1997 November: Saturday
The snow had faded by the next morning and the day bloomed crisp and bright. As I was at a loose end till the evening, I decided to travel to the neighbouring city of Cambridge, reputedly the intellectual capital of the USA and also home to Harvard University. Wilde had been given a rough ride there when he tried to give a lecture. The students all arrived dressed in Oscar’s distinctive ‘aesthetic’ fancy dress and applauded every time he took a sip of water. He’d responded: ‘As I look about me I am impelled for the first time to breathe a fervent prayer – save me from my disciples’. He also presented the college with a plaster cast of the Hermes of Praxiteles – it was stolen in 1892.
This was my first encounter with the subway system, the Massachusetts Bay Transportation Authority, known as the ‘T ’. I found a station on Tremont Street, bought a token for 85 cents, then got stumped over how to get through the turnstile. The ticket clerk guided me through, explaining the technique as he would to a child.
It is an entirely true cliché that travel infantilises you. When they are abroad, the most dignified of statesmen, the most respected of scholars, the hippest of hipsters, can be humiliated by ignorance of the obvious. I remember hearing of a hugely successful businessman, a multi-billionaire on whose whim the livelihoods of a million people rested, whose slightest desire would be pandered to by a surfeit of lackeys at home, being reduced to baffled and highly uncomfortable impotence over his inability to work out how to gain entrance to a Paris pissoir.
Duly swallowing my pride, I climbed aboard the trolley car and headed north through Park Central, then on to the Red Line at a busy interchange. Surprisingly, unlike the London Tube, the platforms were level with the trolley track, so that you could easily walk across the rails to the opposite platform. A notice read: ‘No Smoking. Punishable by up to ten days in jail’.
The trolley car emerged into the open and rattled across the Charles River Bridge. The sunlight rippled on the water and glinted off the silver skyscrapers of Boston – quite a sight. Then down underground again for three more stations till we reached Harvard Square.
In comparison to the Oxbridge colleges, the Harvard University campus was understated to the point of anonymity. While certainly equalling the tranquillity of their neat lawns and quadrangles, the Harvard buildings themselves were unadorned brick-lined blocks, presumably reflecting the tight Puritanism of the founders. As Oscar commented: “The Bostonians take their learning too sadly; culture with them is an accomplishment rather than an atmosphere.” Oxford, it wasn’t (except possibly Keble College).
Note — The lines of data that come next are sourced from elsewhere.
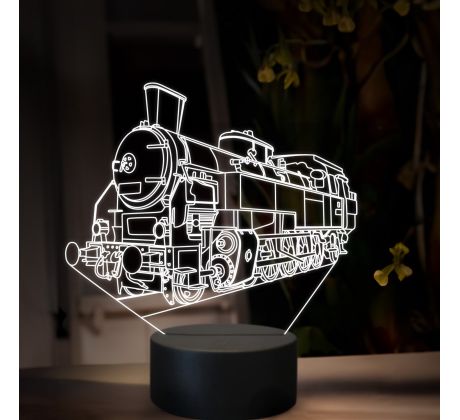 Beling 3D lampa, Parný rušeň 524.1, 16 farebná, SXR75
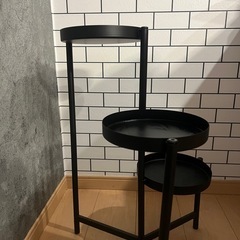 IKEA  プランタースタンド ブラックの画像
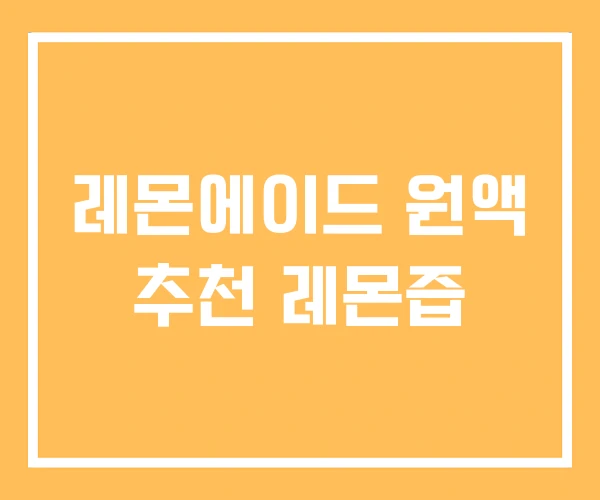 레몬에이드 원액 추천 레몬즙 레몬에이드 원액 추천 레몬즙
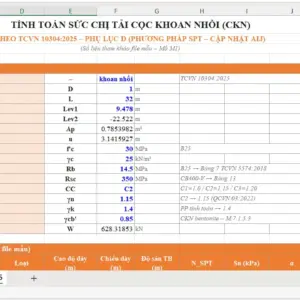 Tai lieu thuvienfile com file mau excel tinh toan suc chiu tai coc khoan nhoi theo dat nen theo vat lieu tcvn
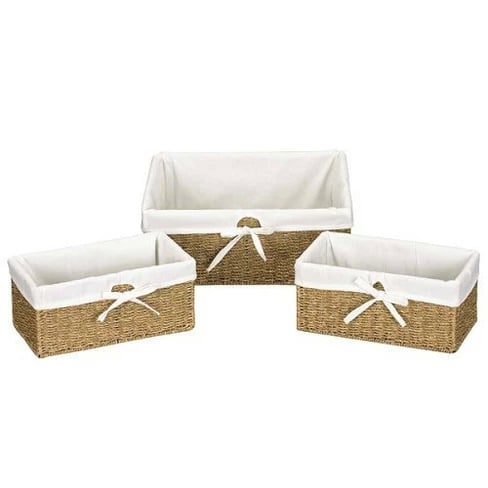 Wicker Cube Storage Baskets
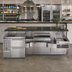 Thumbnail image #2 for Perlick Tobin Ellis Signature Series 68-Inch Pre-Configured Single-Sink Bartender Station with Ice Vault and Wall-Mount Faucet
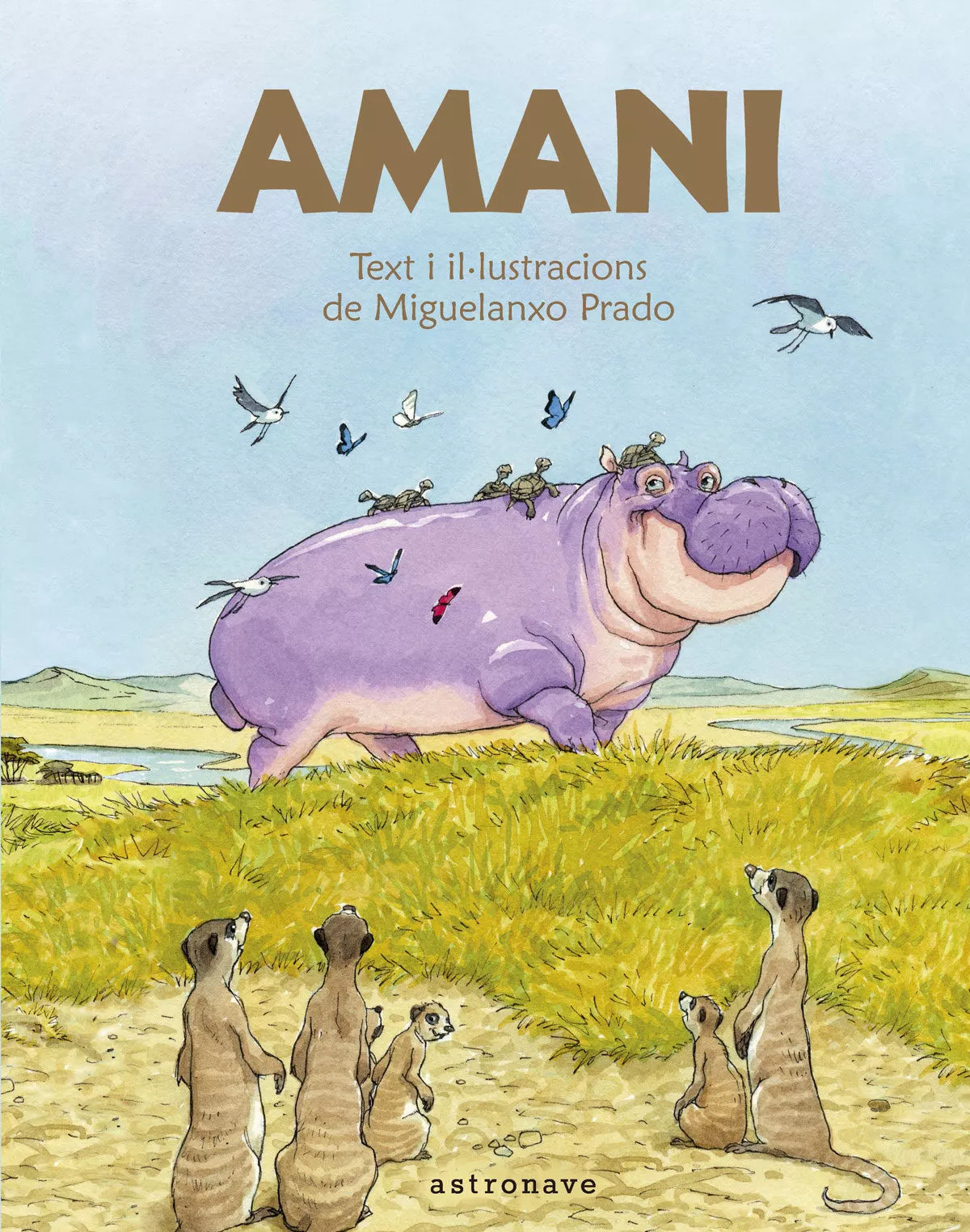 Portada del Libro Amani (Catalan) de Miguelanxo Prado - 9788467940213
Passing the Widener Library, I noticed it had been erected in memory of a victim of the Titanic sinking.
I left the main campus and strolled through what Bob Dylan once described as ‘the green pastures of Harvard University’ – Cambridge Common, Radcliffe Yard, and the pretty area of the Appian Way and Brattle Street, each lined with trees and clapboard pastel-painted houses.
An elderly professorial-looking woman strode down the opposite sidewalk, lustily singing the Beatles ‘I Want to Hold Your Hand’. Then an attractive girl, about twenty, smiled and said hello as she passed me. It was that sort of place. To complete the time warp, a Joan Baez song floated out of an open window on Mount Auburn St. Somehow, this place had retained a trace of that Sixties, early Simon and Garfunkel, innocent bohemia. I found it utterly charming.
About 2pm, I returned to the subway. On the platform, a black busker with an amplified guitar played Clapton’s ‘Wonderful Tonight’. It was a great send-off from a place – and possibly a time – to which I wanted to return.